Let’s face it. The only reason why Carly Fiorina is still on that stage is because the Republican National Committee is nervous about nixing the only woman candidate, being called sexist by Hillary Clinton and misogynists by leftwing feminists. Currently, according to the PPD average, Fiorina is tied with Sen. Rand Paul at 3.2%, and is not in a statistically significant better position than Kasich or Gov. Mike Huckabee, the latter of which was relegated to the undercard debate.
Because she has been unable to capitalize on her previous debate performances, her polling numbers have fallen precipitously and, because she needs these debates to stay competitive in the race, she is obnoxiously interrupting everyone else on stage. It’s getting old. Actually, it’s already old.

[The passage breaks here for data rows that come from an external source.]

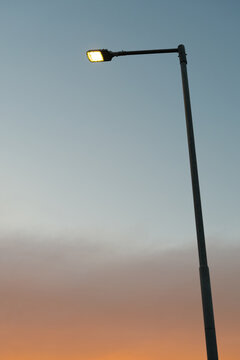 Glowing street lamp post illuminated against a beautiful gradient sunset sky.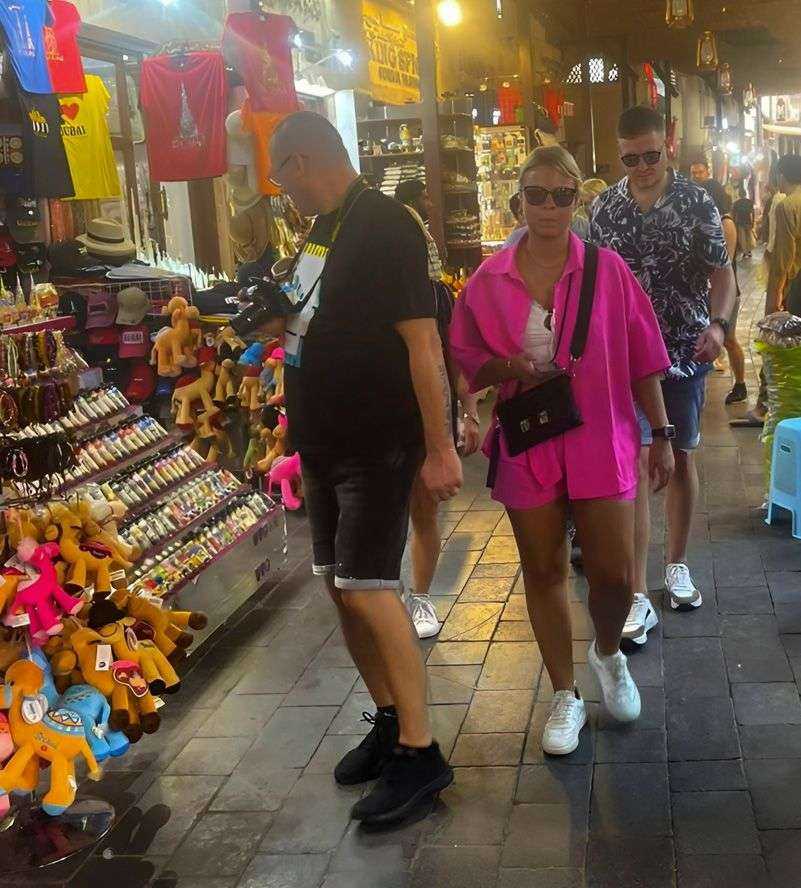group of people walking in a market Duabi at night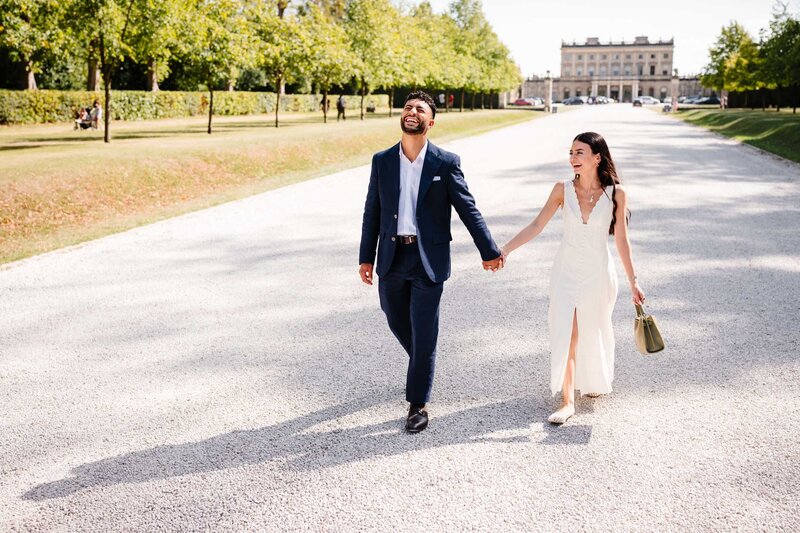 Couple walking towards the boat pier after they got engaged to go on a boat ride.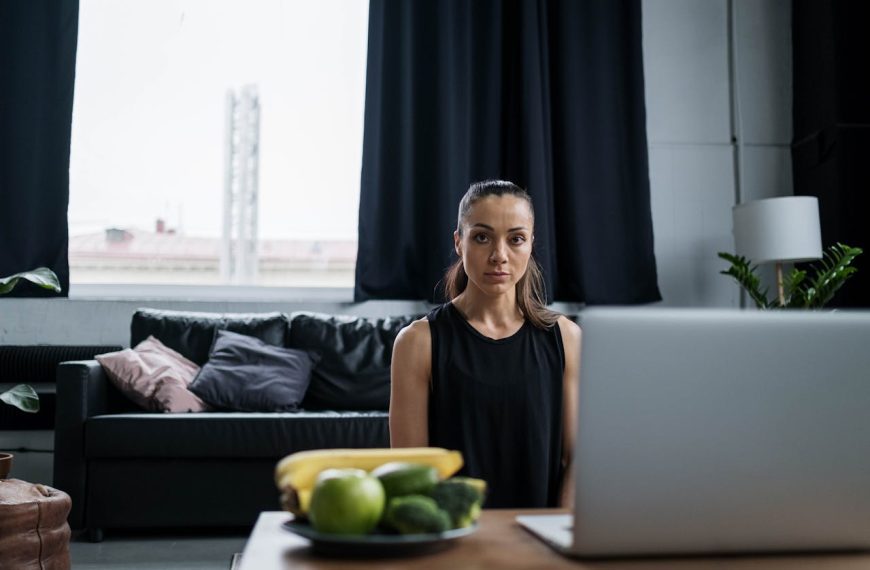 Woman sitting in front of a laptop in a living room with black curtains and a bowl of fruit on the table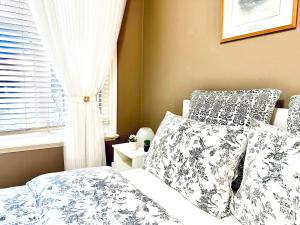 um quarto com uma cama com almofadas e uma janela em Langley 半地下室独立出入温馨卧房-桐花草堂 em Langley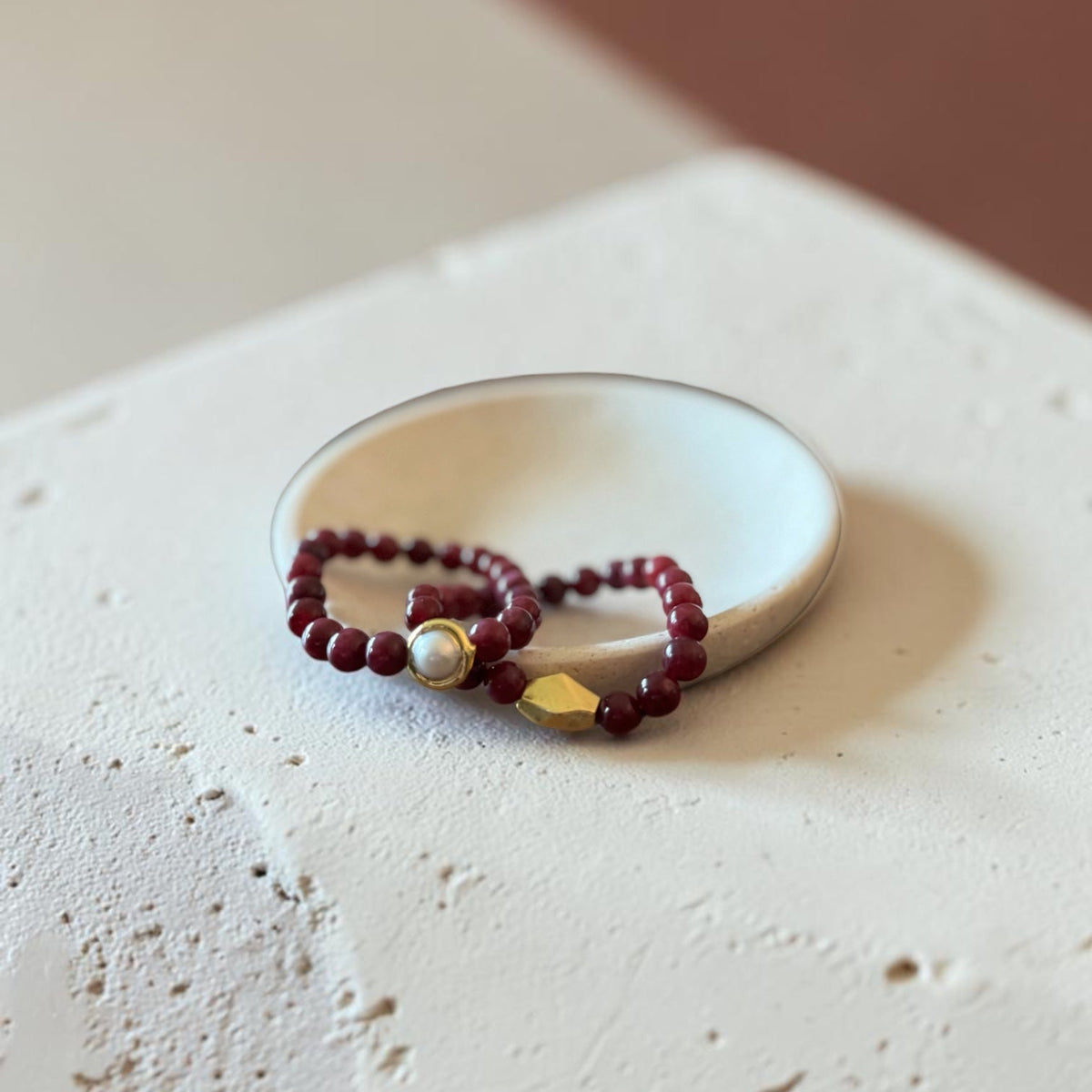 A beaded bracelet with deep red beads, a white pearl, and a gold geometric accent, displayed on a small white dish over a textured beige surface.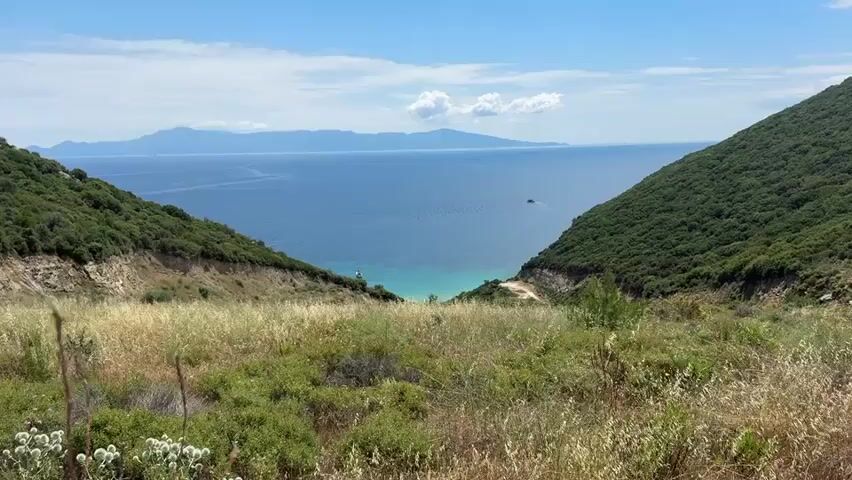 This video captures a scenic view of a body of water, likely the sea, bordered by lush green hills on either side. The foreground is dominated by dry, golden grasses and scattered green vegetation. The terrain slopes downwards, revealing a narrow path or road on the right side, and a more rugged, eroded landscape on the left.

In the distance, a vast expanse of deep blue water stretches out, meeting a hazy, mountainous island range on the horizon under a clear blue sky dotted with fluffy white clouds. The water closer to the shore transitions to a lighter, turquoise hue, suggesting shallow depths. A small white boat is visible near the shore, and further out in the water, a cluster of dark objects, possibly buoys or a small raft, can be seen. A single figure, appearing to be a person, stands near the turquoise water on the left side of the frame. The overall impression is one of a tranquil, natural landscape, possibly a coastal viewpoint.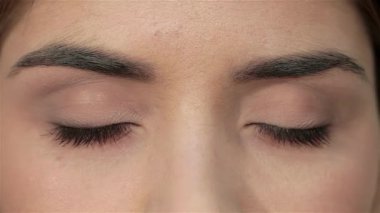 Çekici bir yakın plan, genç ve güzel bir kadının gözlerini yavaşça açarken büyüleyici bakışlarını yakalar. Kusursuz cildi ve narin özellikleri saflık ve tazelik saçıyor, doğal güzellik ve cilt bakımının özünü somutlaştırıyor.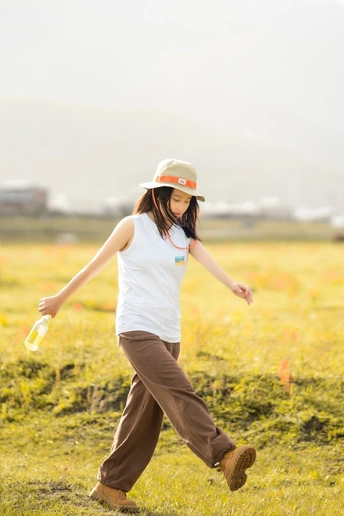 一位戴白色帽子 手持一瓶饮料 在草地上行走的年轻女子。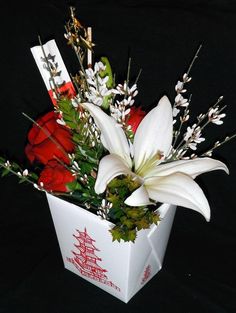 a white and red flower arrangement in a box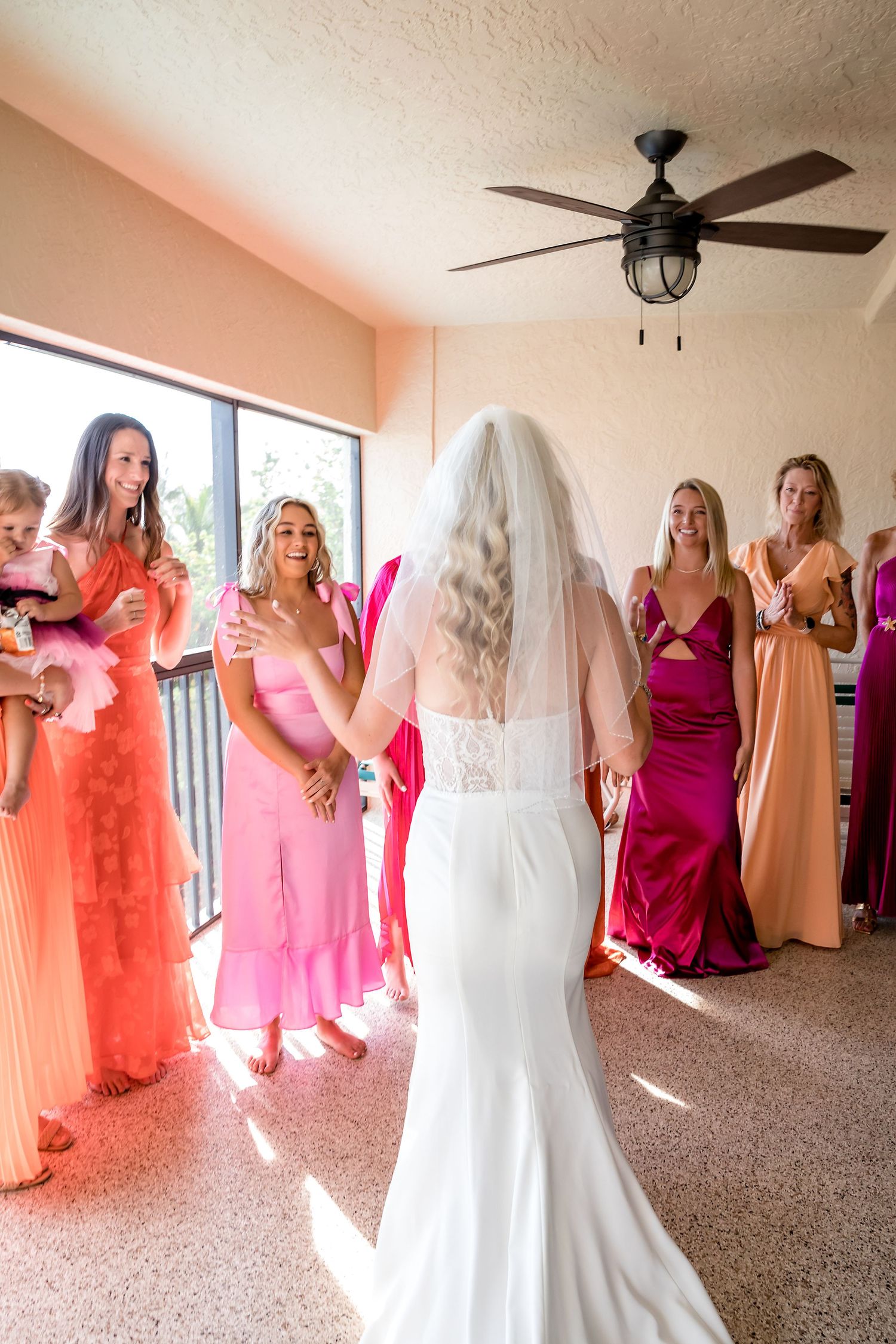 Bride in white fitted gown and veil surrounded by bridesmaids in vibrant pink and orange dresses.
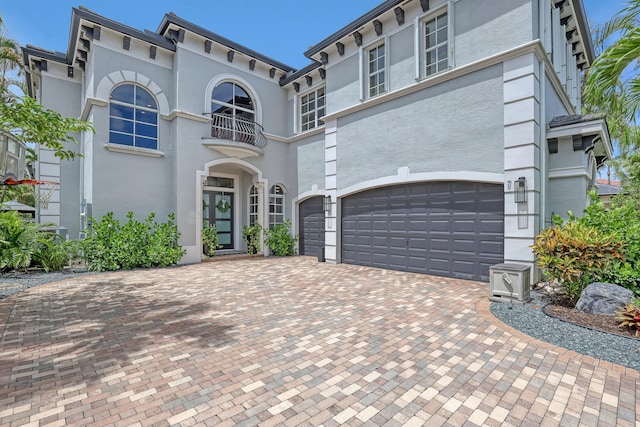 view of front of home with a balcony and a garage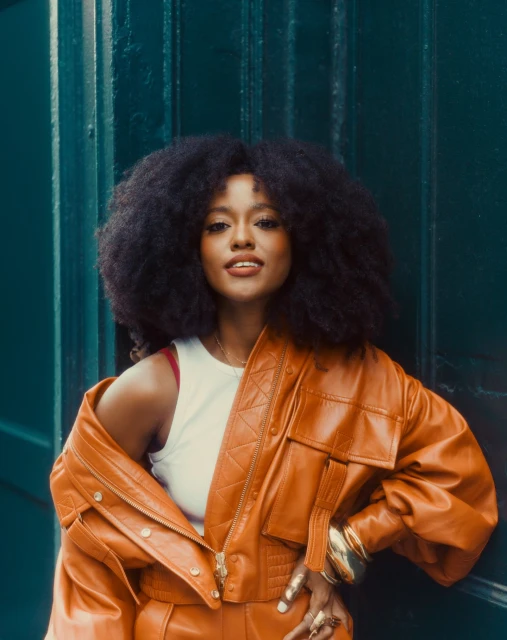 Portrait of an African-American woman with afro hairstyle wearing an orange leather jacket and matching pants posing against a green door.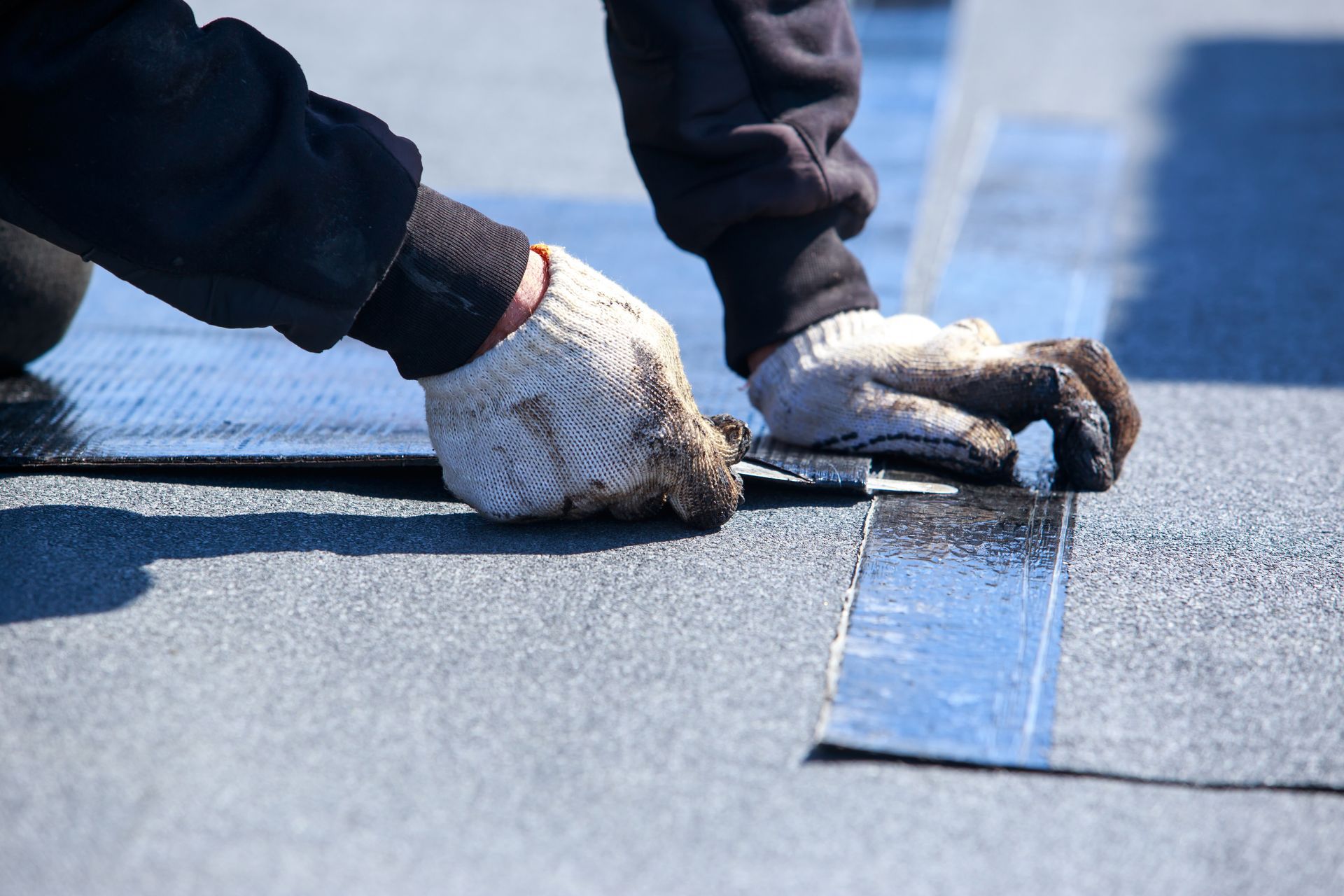 A worker wearing work gloves applies a strip of adhesive roofing membrane to a flat roof surface.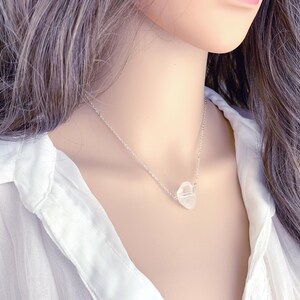 May include: A silver chain necklace with a clear quartz crystal pendant. The pendant is a natural, irregular shape.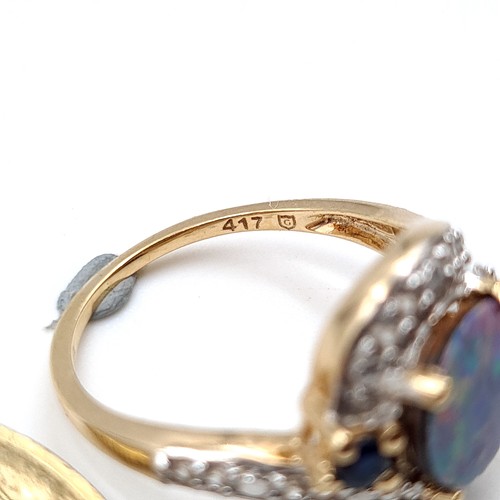 15 - Star Lot : A fabulous example of a vintage 10 carat gold generous Blue fire Opal stone ring, set wit... 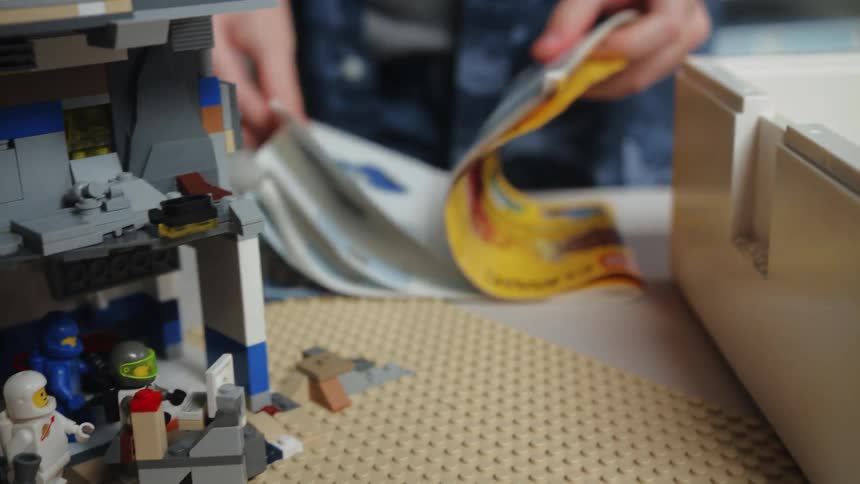 A child opens a box of legos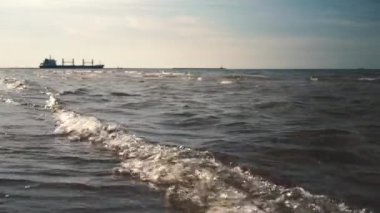 Tekne, yaz aylarında Baltık Denizi 'nde, gün batımında küçük dalgaların arka planında yüzer.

Candidates, whether male or female, should acknowledge a general rule of thumb regarding Republican primary voters. They are looking for the best candidates and, whether they are male or female, matters not. Fiorina’s incessant use of the gender card, which as PPD has documented goes back to her 2010 Senate race against Tea Party favorite Chuck DeVore, will not only get her nowhere in the primary but also risks damaging the party brand in the general election.
Fiorina should take a page from the late great Margaret Thatcher, Great Britain’s longest-serving prime minister. Now there is a woman who dominated in a predominately male political world. Thatcher, rather than cutting off her fellow lawmakers in parliament, not only gave them their time but cut them down, making them look like foolish little children in need of an adult mother in the room. Thatcher was a woman that not only demonstrated strength, but embraced her obvious gender status in a way that enabled her to use it to reenforce that strength.
That’s how a true conservative woman conducts herself in a crowd–or on a stage–otherwise dominated by men. It’s becoming increasingly and painfully clear that Carly Fiorina no longer can justify her place on that stage.